> RECORD EXTRACTS
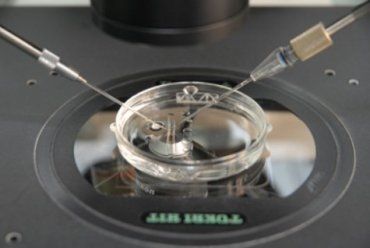 Само «непорочное зачатие» проводят под микроскопом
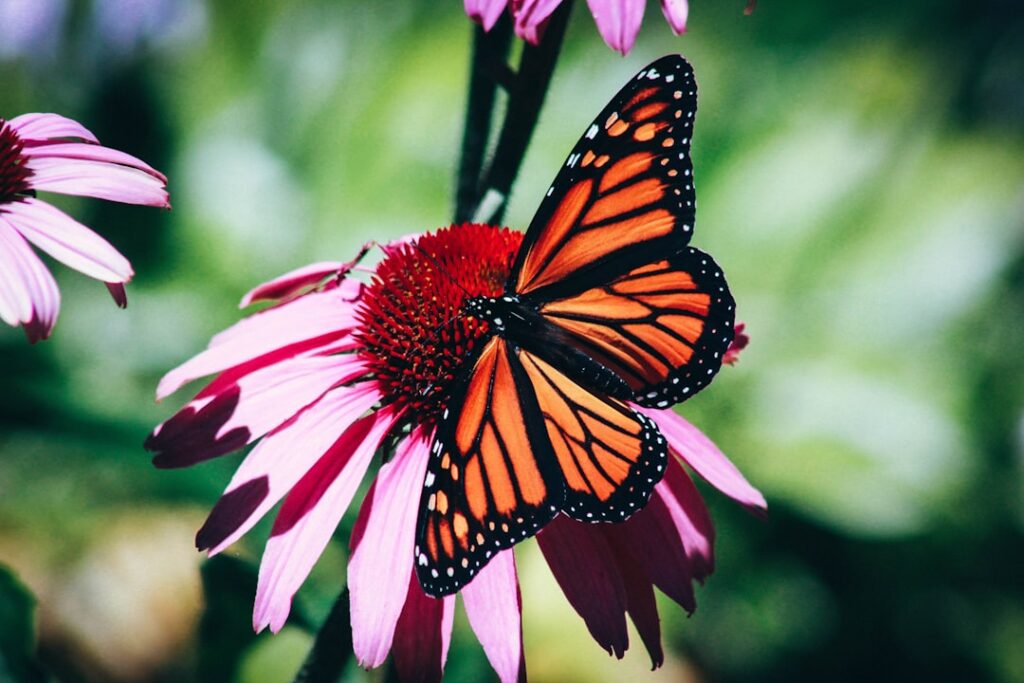 Purple coneflowers with a monarch butterfly on one of the blooms set in a sunny garden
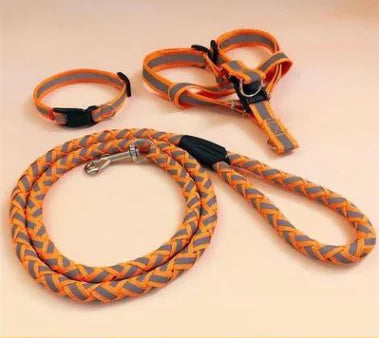Night Glow Dog Leash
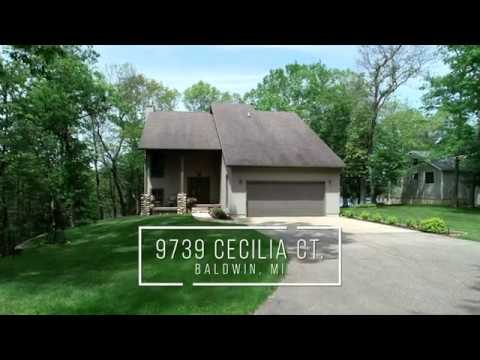 9739 Cecilia Ct, Baldwin, MI home video tour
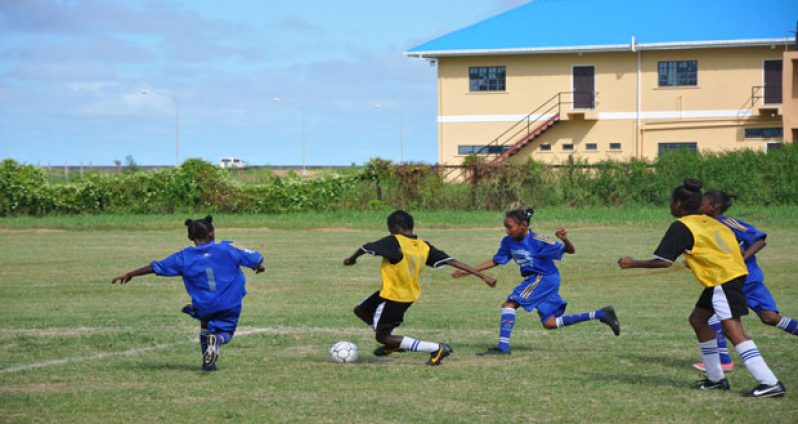 Part of the action between Enterprise Primary (blue) and eventual victors St Stephen’s Primary (yellow).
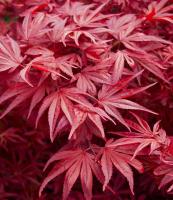 Клен японський 'Скітерс Брум' - Acer palmatum 'Skeeter's Broom'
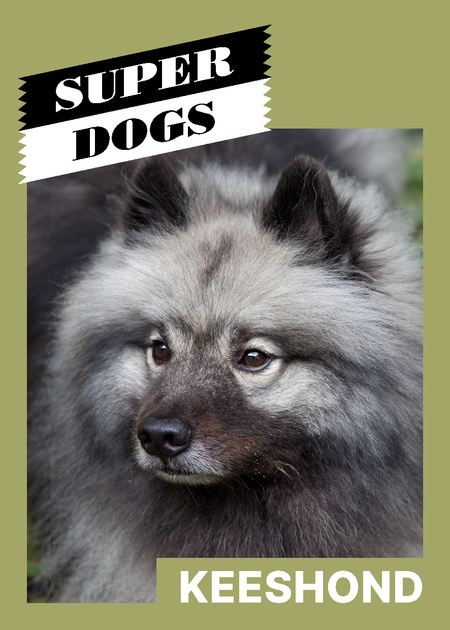 super-puper-vote-img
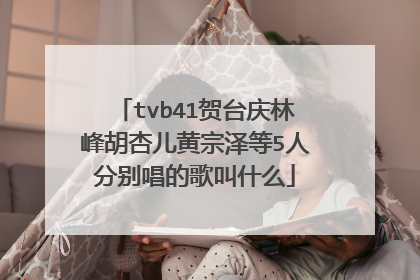 tvb41贺台庆林峰胡杏儿黄宗泽等5人分别唱的歌叫什么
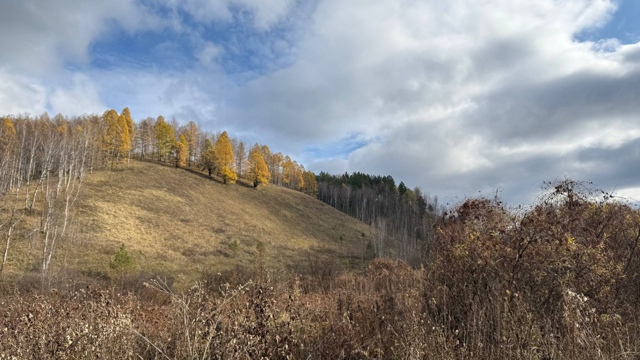 Доброе утро, любимый район! Всем - хорошего дня!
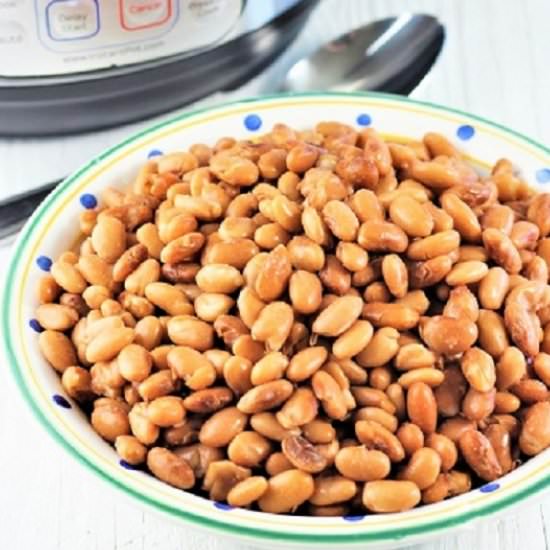 instant pot pinto beans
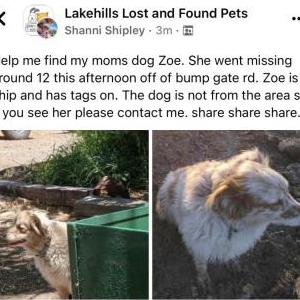 Lost Dog Zoe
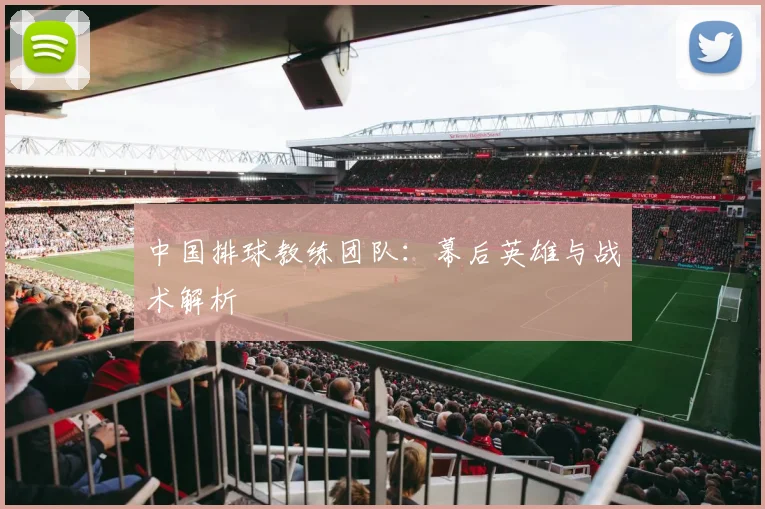 中国排球教练团队：幕后英雄与战术解析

> TASK TO CARRY OUT
Lines from the one holding "tvb41贺台庆林峰胡杏儿黄宗泽等5人分别唱的歌叫什么" down to the last line of the entries above must be retyped exactly, inclusive of both, with no pictures and nothing else.

> RESULT BELOW
 tvb41贺台庆林峰胡杏儿黄宗泽等5人分别唱的歌叫什么
 Доброе утро, любимый район! Всем - хорошего дня!
 instant pot pinto beans
 Lost Dog Zoe
 中国排球教练团队：幕后英雄与战术解析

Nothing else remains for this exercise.